* What you are asked to do:
Beginning with the line that contains "heltrukne eller stiplede", restate each line below through the final one exactly, and exclude the pictures.

Start of Block

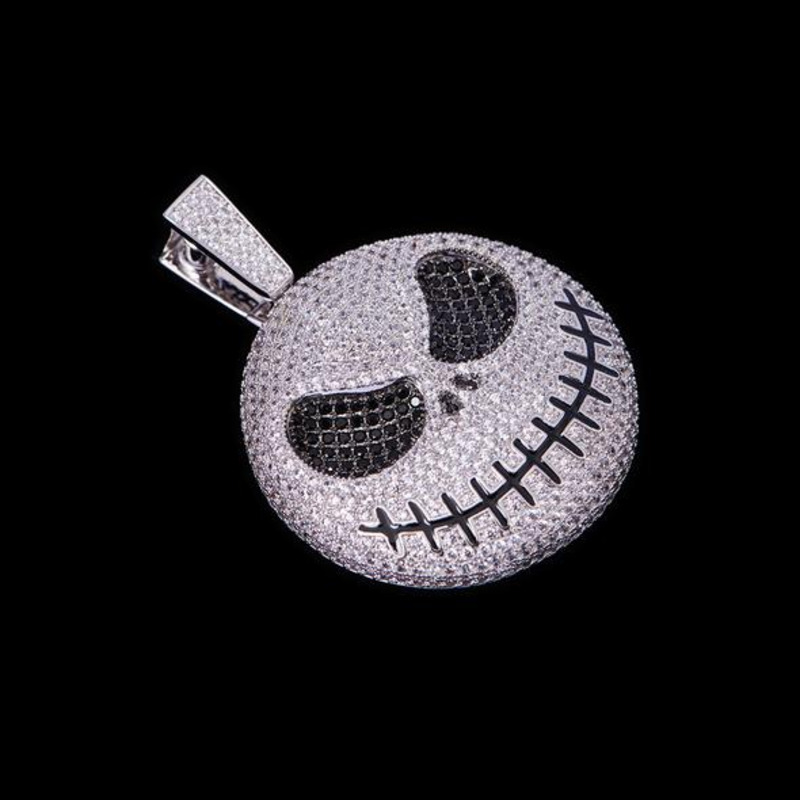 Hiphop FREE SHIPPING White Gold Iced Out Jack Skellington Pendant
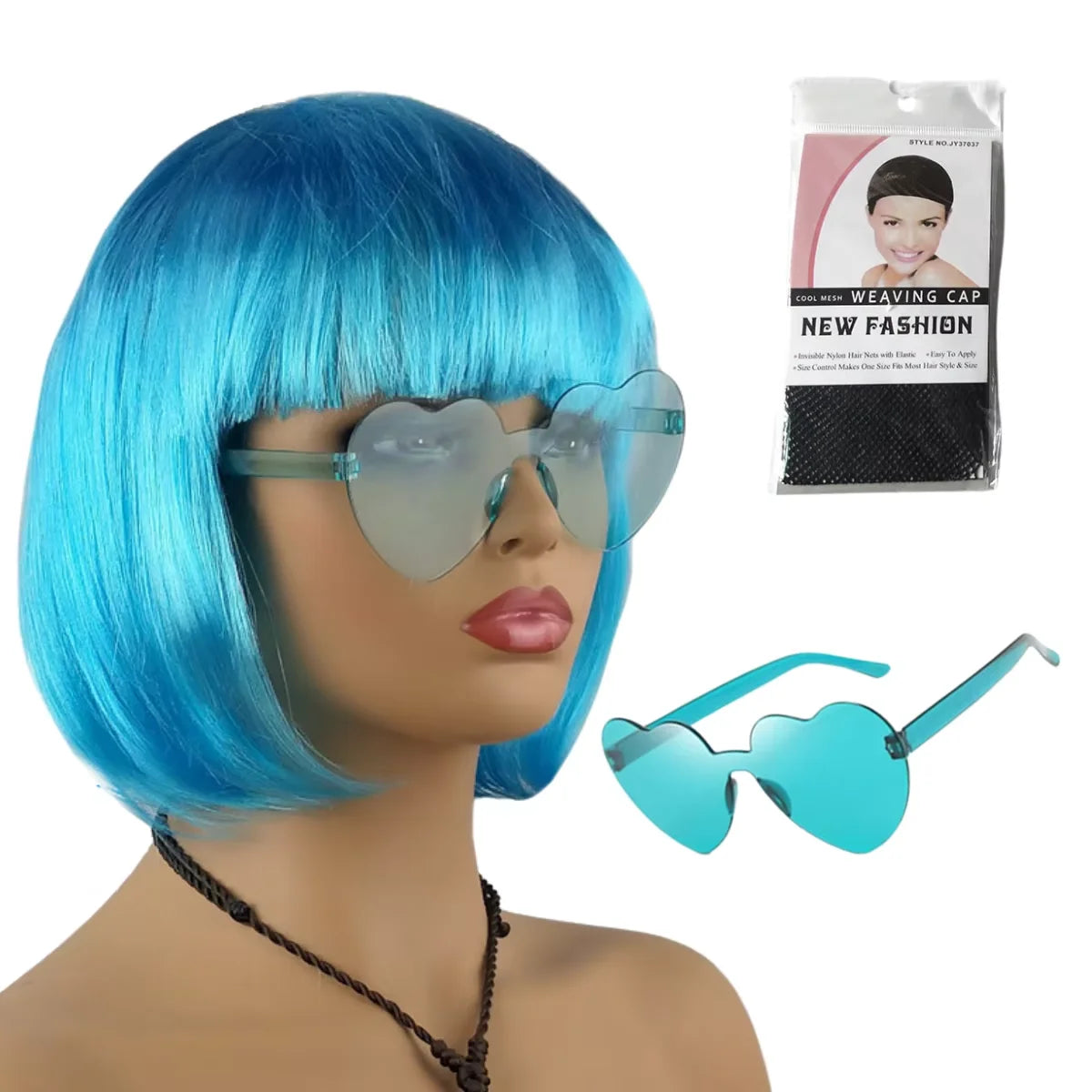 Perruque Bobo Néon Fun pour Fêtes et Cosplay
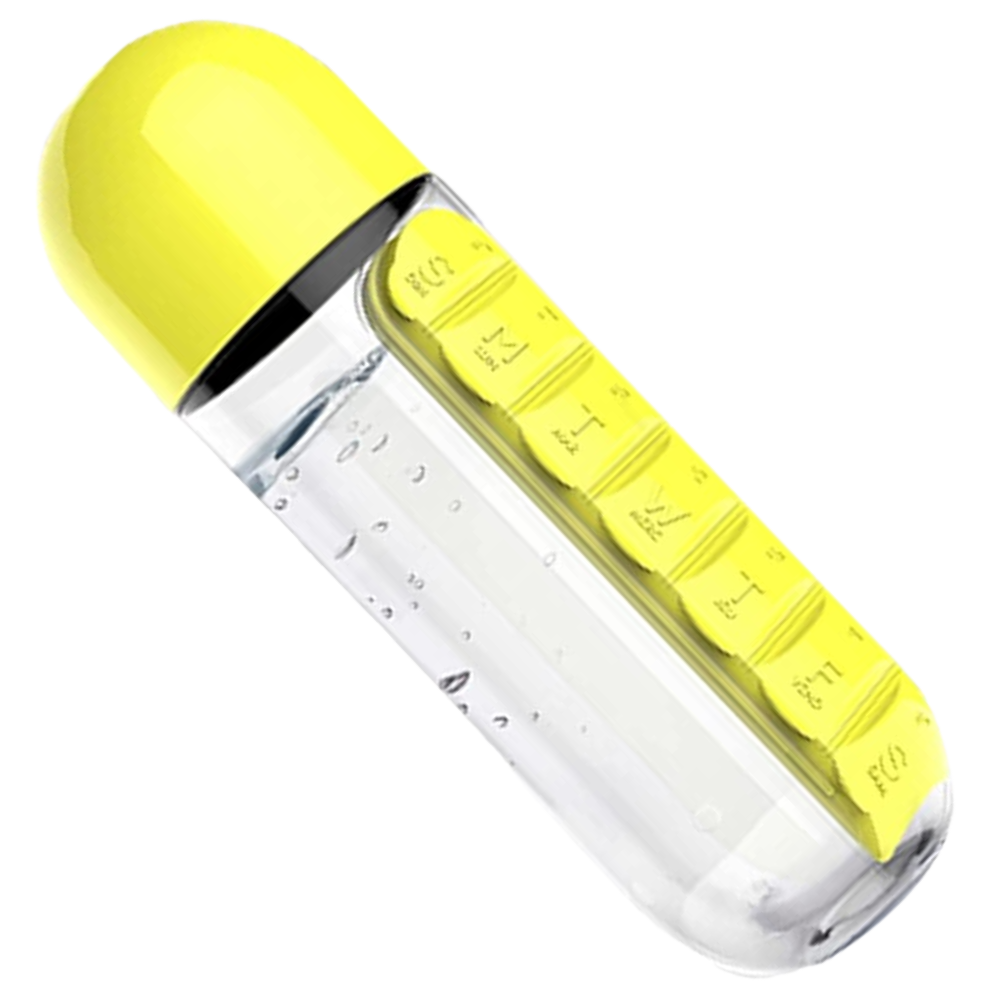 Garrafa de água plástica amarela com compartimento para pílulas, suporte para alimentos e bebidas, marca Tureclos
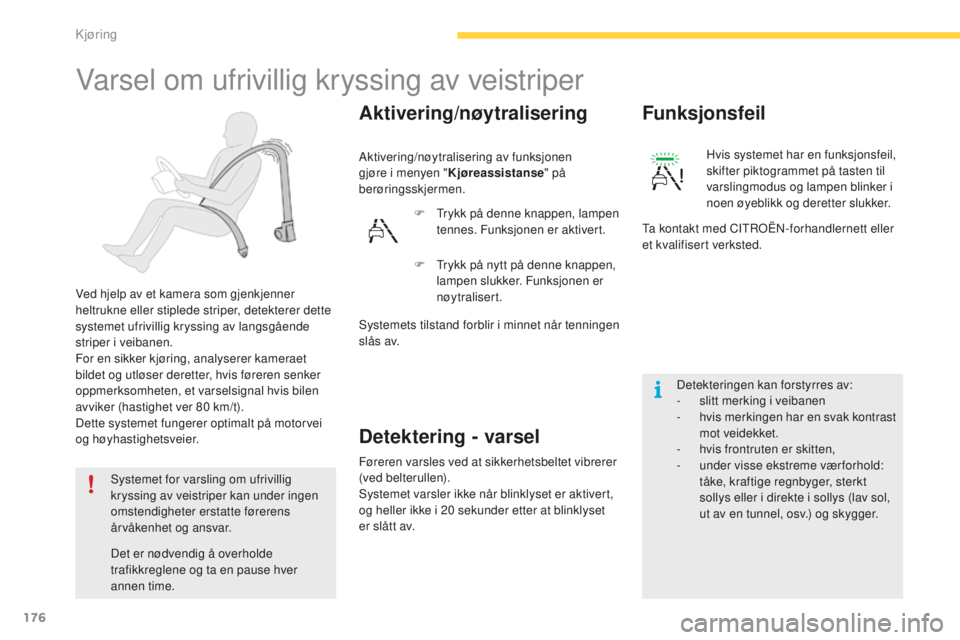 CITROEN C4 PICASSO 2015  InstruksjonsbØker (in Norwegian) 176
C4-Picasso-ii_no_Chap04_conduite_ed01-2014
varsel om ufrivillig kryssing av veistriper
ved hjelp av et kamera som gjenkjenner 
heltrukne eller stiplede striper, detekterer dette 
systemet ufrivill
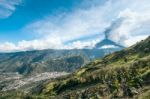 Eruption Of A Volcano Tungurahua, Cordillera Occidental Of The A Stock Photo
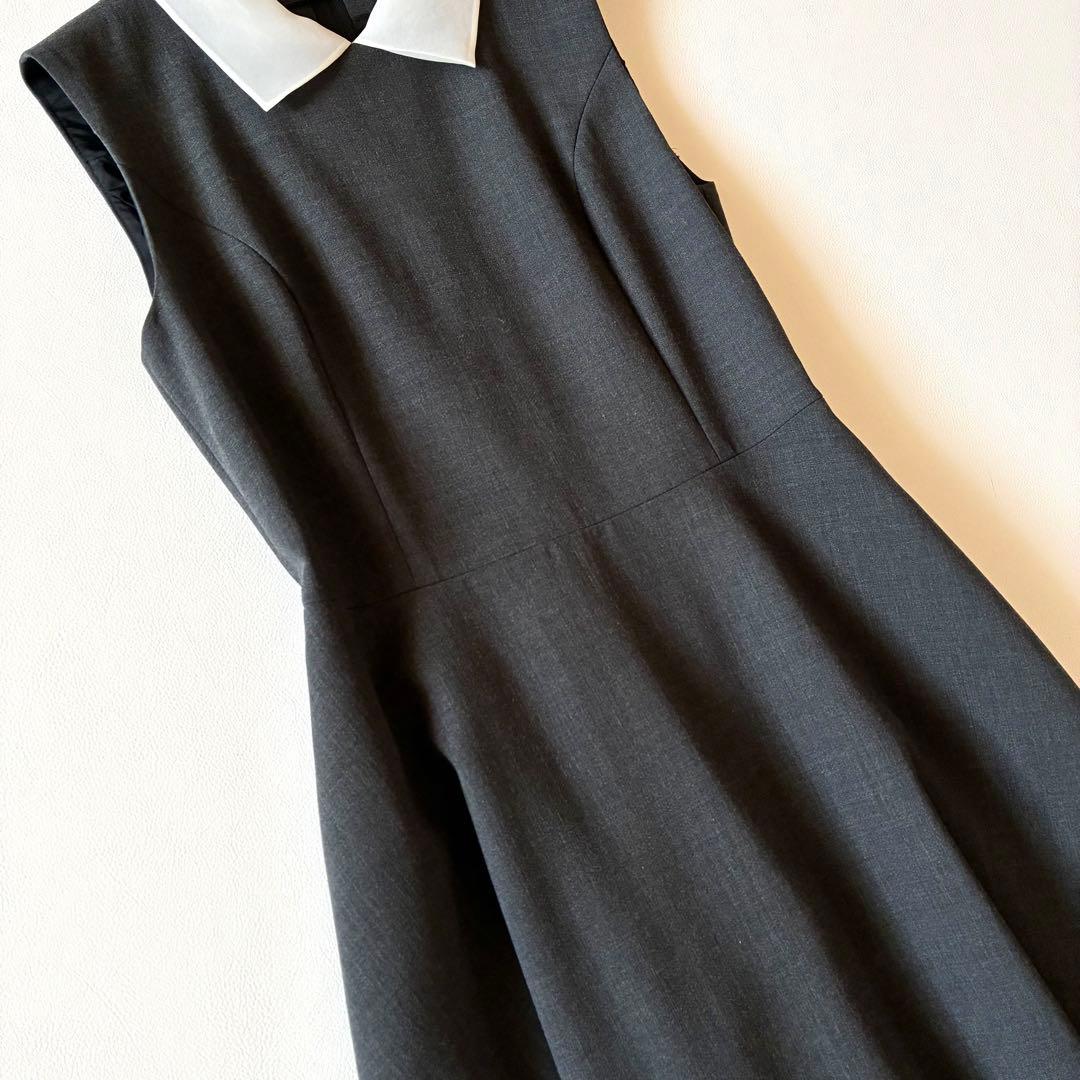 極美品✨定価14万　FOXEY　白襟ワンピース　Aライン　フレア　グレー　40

End of Block

* Response:
heltrukne eller stiplede striper, detekterer dette 
systemet ufrivill
 Eruption Of A Volcano Tungurahua, Cordillera Occidental Of The A Stock Photo
 極美品✨定価14万　FOXEY　白襟ワンピース　Aライン　フレア　グレー　40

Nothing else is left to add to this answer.